Era lui stesso un’opera d’arte. Poeta, romanziere, commediografo, la sua vita artistica è definibile un poema irripetibile, una presenza creativa pagana, sensuale, genialmente capace di essere uomo d’azione e nel contempo Narciso contemplativo.
Aveva un radicale senso della Patria. Uomo politico, militare, aviatore, ufficiale, interventista nella Prima Guerra Mondiale, partiva in battaglia e non si risparmiava. Volò su Vienna. Portando a termine la beffa di Buccari perse un occhio. Si guadagnò una medaglia d’argento al valor militare. Politicamente di destra, dunque. Ma il Regime Fascista non era un suo punto di riferimento. Semmai il contrario. Era un esteta raffinato, colto, elegante, un utopico post risorgimentale che credeva ai propri sogni. Di lui poco o nulla potevano capire i gerarchi fascisti, cortigiani che preferivano scimmiottare il loro Duce, oggi così buffo quando lo vediamo nei cinegiornali dell’epoca. La presenza declamatoria di D’annunzio era il preciso specchio di un’epoca fervida e positiva, sino a quando l’evento di Fiume non venne contrabbandato come preludio della Marcia su Roma.
Quello che avvenne in seguito – e io c’ero, bambino ebreo senza più un cognome – non c’entra per nulla col nostro ineffabile e patriottico Vate, anche se a qualche nostalgico piace crederlo.
Ed ecco qui di seguito il mio patriottismo, meno aulico di quello dannunziano, ma oggi ancora necessario….

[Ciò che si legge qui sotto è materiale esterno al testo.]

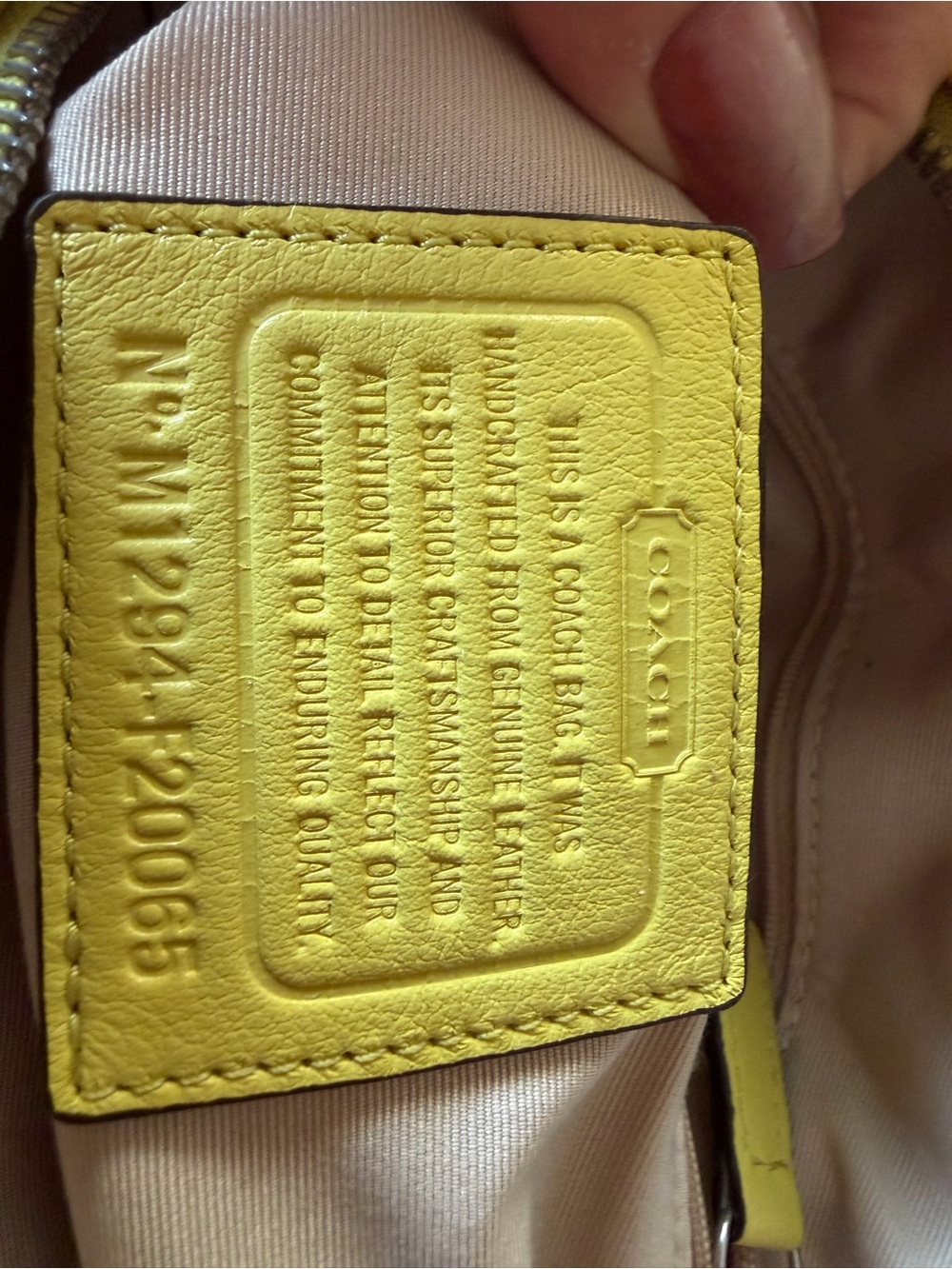 Coach Neon Yellow Patent Satchel with Beige Trim - Picture 2 of 8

L’indifferenza dorme in ogni clima,
il saggio semina per un fiore,
mentre il dolore come il sole
vive di luce propria. Fuori è già notte,
nascosti parliamo in silenzio di fiabe
che erano storie. In quegli anni la morte
era un atto di vita, oggi molle sui cuori di pietra
è tornata la muffa lasciandoci soli con storie
da diventar religiosi: ricordo La Piana di Fieno,
l’incepparsi della mitraglia, uno sull’altro cadere
i compagni stupiti con gli occhi bambini. Vieni
con me domani notte a vegliare le lapidi,
accenderemo torce per scacciare il freddo
della crudele indifferenza dell’oblio.